Dilma disse que não terá “rancor” dos que votarem contra ela, mas afirmou que seu afastamento criará um precedente de condenação sem provas.
— Lembrem-se do terrível precedente que a decisão pode abrir para outros presidentes, governadores e prefeitos. Condenar sem provas substantivas. Condenar um inocente. Faço um apelo final a todos os senadores: não aceitem um golpe que, em vez de solucionar, agravará a crise brasileira — afirmou.
Dilma afirmou que as acusações de crime de responsabilidade são “pretextos”. Ela sustentou a legalidade dos decretos de crédito suplementar, dizendo não ter desrespeitado o Congresso. No caso das pedaladas, ressaltou que no âmbito criminal a investigação foi arquivada pelo Ministério Público Federal.
— Agora, a ruptura democrática se dá por meio da violência moral e de pretextos constitucionais, para que se empreste aparência de legitimidade ao governo que assume sem o amparo das urnas. Invoca-se a Constituição, para que o mundo das aparências encubra hipocritamente o mundo dos fatos. As provas produzidas deixam claro e inconteste que as acusações contra mim dirigidas são meros pretextos, embasados por uma frágil retórica jurídica — disse.
Ela destacou o papel do ex-presidente da Câmara Eduardo Cunha (PMDB-RJ) de ter dado início ao processo e protestou também por medidas econômicas de seu segundo governo não terem sido votadas enquanto “pautas bomba” avançaram no Congresso. A presidente disse ainda que seu governo foi desestabilizado por essa postura dos parlamentares e reclamou do fato de senadores já terem declarado voto contra ela.
— Não há respeito ao devido processo legal quando julgadores afirmam que a condenação não passa de uma questão de tempo, porque votarão contra mim de qualquer jeito. Nesse caso, o direito de defesa será exercido apenas formalmente, mas não será apreciado substantivamente nos seus argumentos e nas suas provas.
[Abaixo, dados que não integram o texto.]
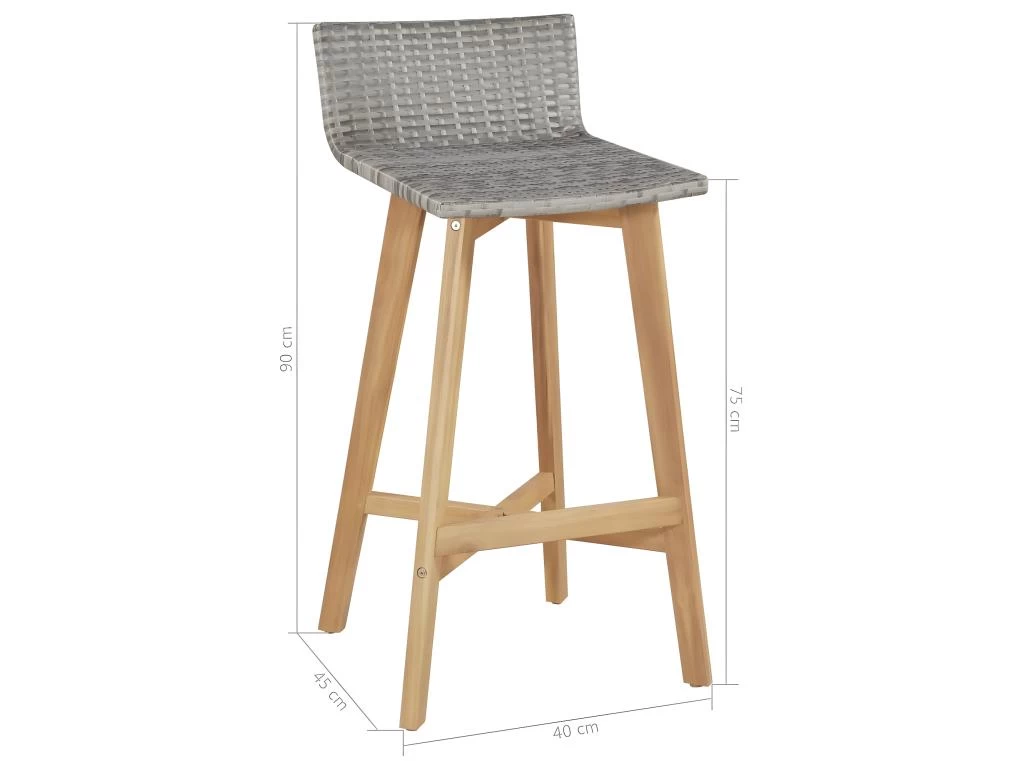 Tabourets De Bar Lot De 2 Bois D'acacia Solide 7 Tabourets De Bar Lot De 2 Bois D'acacia Solide – Image 5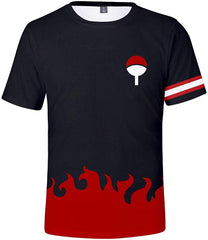 Men's Novelty Tee Tops 3D Printed Cosplay Costumes with The Japanese Anime Naruto T Shirts Fire Uchiha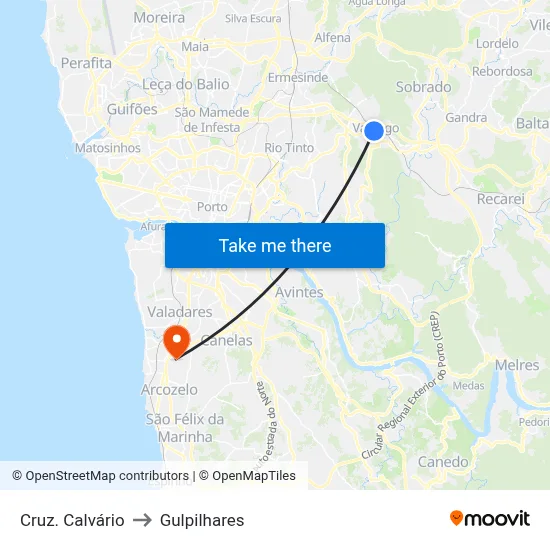 Cruz. Calvário to Gulpilhares map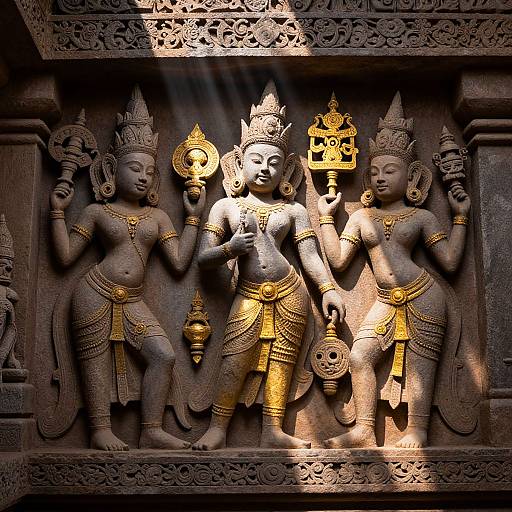 Mythical Tetonas in Ancient Temple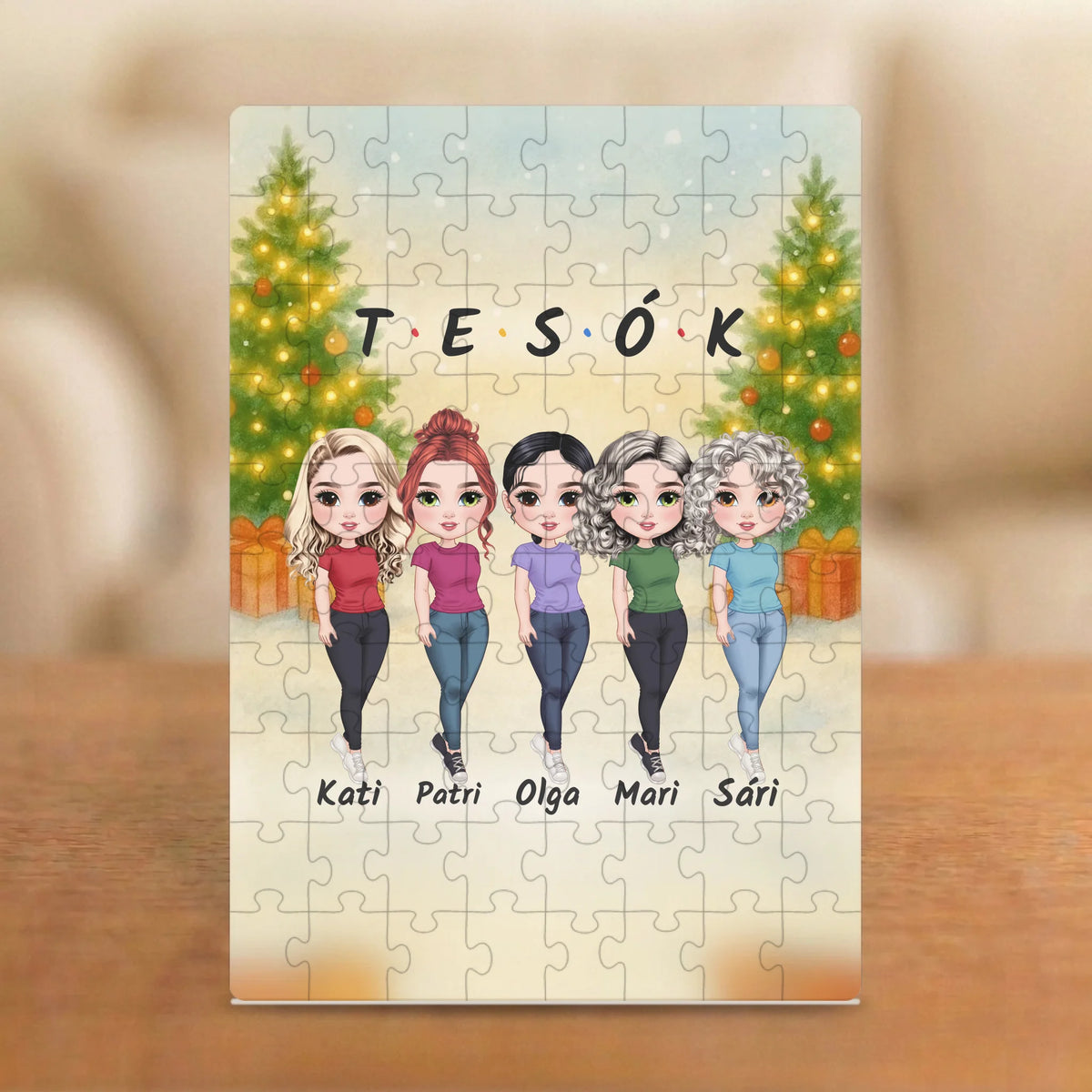 TESÓK a karácsonyfák között – karácsonyi testvéres puzzle 2–7 figurával és nevekkel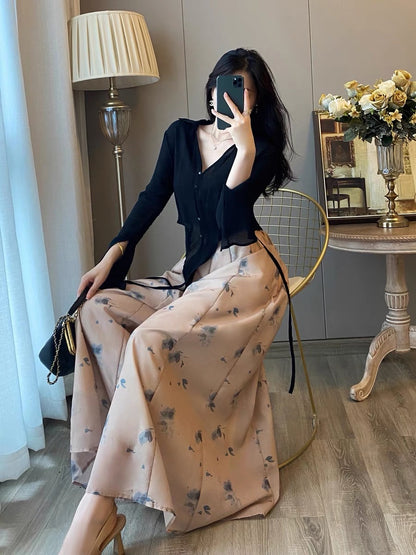 Two-piece suit women's autumn clothes new western style fashionable French retro bottoming velvet dress temperament slim long skirt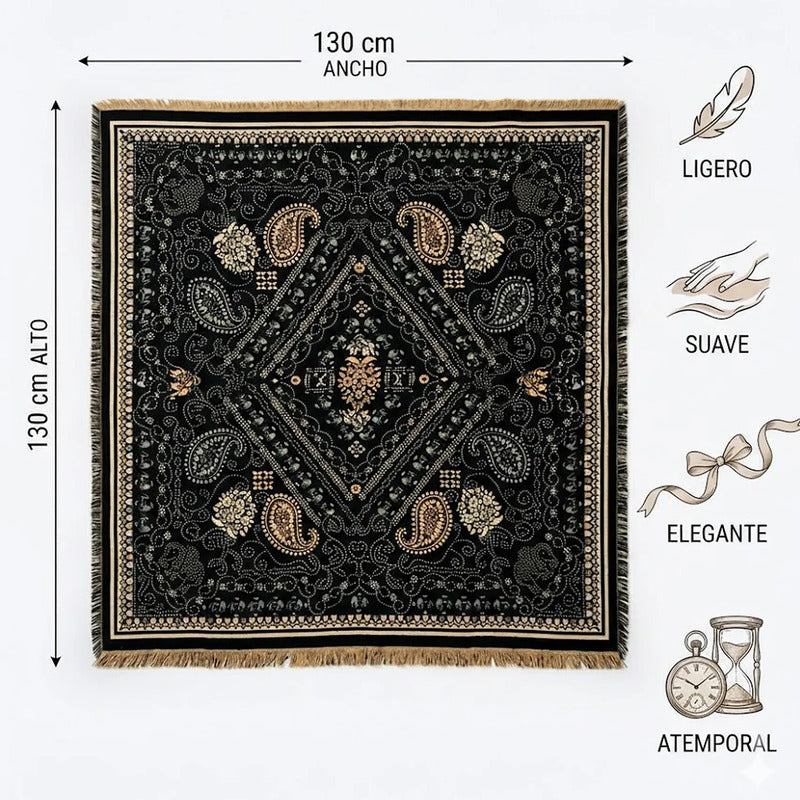 Chalina Chal Elegante Suave Para Mujer 130x130cm Multiusos Marino Figuras Unitalla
A forma existirá apenas para dar aparência de legitimidade ao que é ilegítimo na essência — afirmou.
Última cartada na negociação em busca de votos no Senado, a proposta de um plebiscito para novas eleições foi feita de forma curta:
— Chego à última etapa deste processo comprometida com a realização de uma demanda da maioria dos brasileiros: convocá-los a decidir, nas urnas, sobre o futuro de nosso país. Diálogo, participação e voto direto e livre são as melhores armas que temos para a preservação da democracia.